While Schiff was a well-known and generous financial patron to Jewish humanitarian causes, and part of his support for revolutionary movements against the Czar can be explained by the pervasive anti-Semitism in Russia, Schiff was also acting as a capitalist in funding the revolutionary movement, as explained in a letter to The Evening Post:
Replying to your request for my opinion of the effects of the revolution upon Russia’s finances, I am quite convinced that with the certainty of the development of the country’s enormous resources, which, with the shackles removed from a great people, will follow present events, Russia will before long take rank financially amongst the most favored nations in the money markets of the world.
Here Schiff is clearly reflecting the hopes of an international financier in seeing Russia brought from an anachronistic economy into a modern financial system.
Schiff’s reply reflected the general attitude of London and New York financial circles at the time of the revolution. John B Young of the National City Bank, who had been in Russia in 1916 in regard to a U.S. loan, stated in 1917 of the revolution that it has been discussed widely when he had been in Russia the previous year. He regarded those involved as “solid, responsible and conservative.” In the same issue, The New York Times reported that there had been a rise in Russian exchange transactions in London 24 hours preceding the revolution, and that London had known of the revolution prior to New York. The article reported that most prominent financial and business leaders in London and New York had a positive view of the revolution. Another report states that while there had been some disquiet about the revolution, “this news was by no means unwelcome in more important banking circles.” 
While these attitudes refer to the March Revolution, the November Bolshevik Revolution also had as many proponents among Big Business, who saw the Bolsheviks as providing the stability and economic development that the Kerensky regime could not provide. We have already considered the recommendations of William Sands of American Interventional. Two well-placed individuals from widely divergent backgrounds arrived at similar conclusions in regard to pro-Bolshevik attitudes among certain business interests: American labor leader Samuel Gompers, and conservative editor of The London Times, Henry Wickham Steed.
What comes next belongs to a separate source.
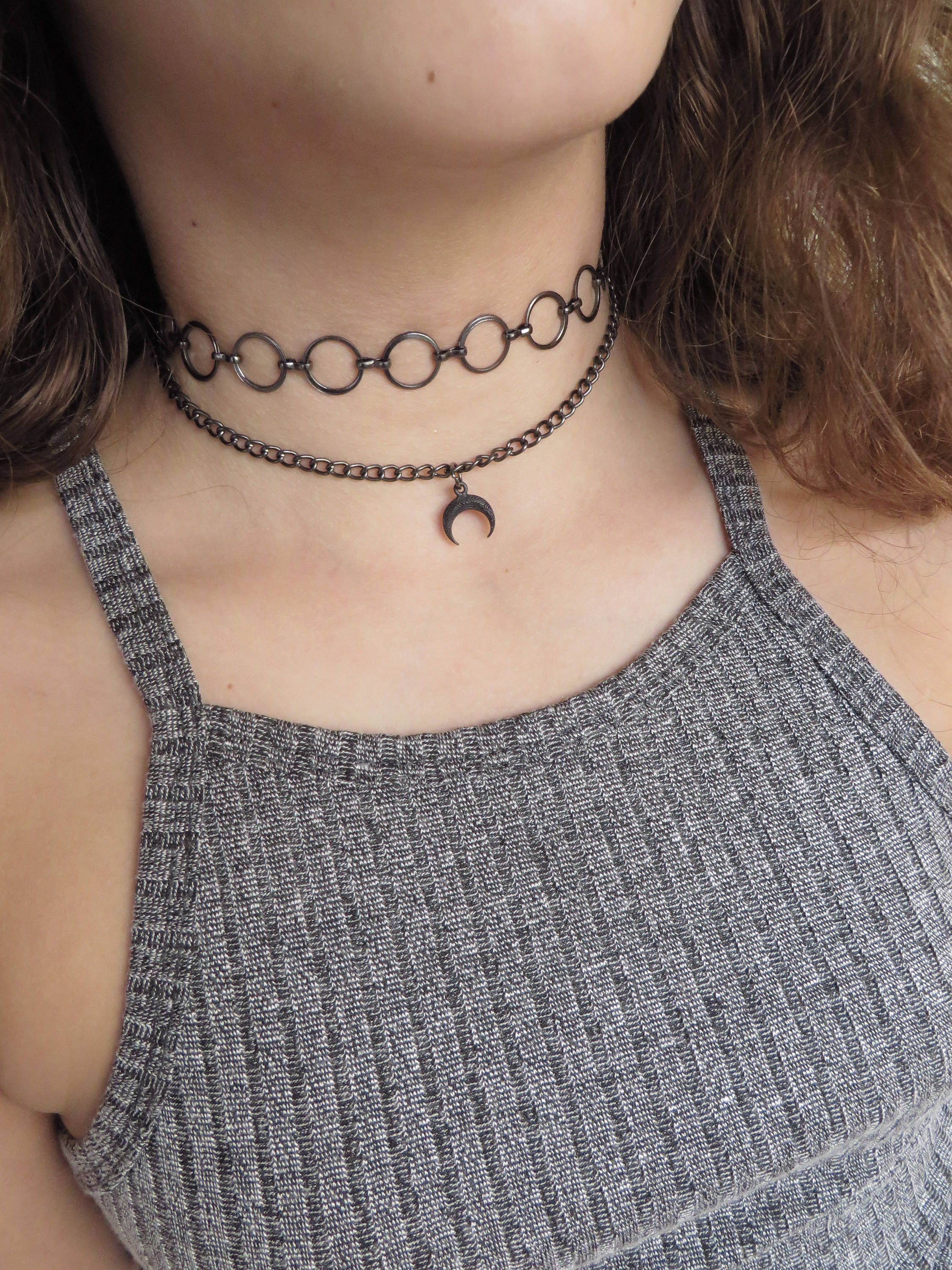 Crescent Moon Choker Necklace, Double Wrap Choker, Black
In 1922, The New York Times reported that Gompers, reacting to negotiations at the international economic conference at Genoa, declared that a group of “predatory international financiers” were working for the recognition of the Bolshevik regime for the opening up of resources for exploitation. Despite the rhetoric by New York and London bankers during the war that a Russian revolution would serve the Allied cause against Germany, Gompers noted that this was an “Anglo-American-German banking group” and that they were “international bankers” that did not owe any national allegiance. He also noted that prominent Americans who had a history of anti-labor attitudes were advocating recognition of the Bolshevik regime.
Similarly, Henry Wickham Steed, in a first-hand account of the Paris Peace Conference of 1919, stated that proceedings were interrupted by the return from Moscow of William C. Bullitt and Lincoln Steffens, “who had been sent to Russia towards the middle of February by Colonel House and Mr. Lansing, for the purpose of studying conditions, political and economic, therein for the benefit of the American Commissioners plenipotentiary to negotiate peace.” Steed states specifically and at some length that international finance was behind the move for recognition of the Bolshevik regime and other moves in favor of the Bolsheviks, and specifically identified Jacob Schiff of Kuhn, Loeb & Co., New York, as one of the principal bankers “eager to secure recognition”: “Potent international financial interests were at work in favor of the immediate recognition of the Bolshevists….”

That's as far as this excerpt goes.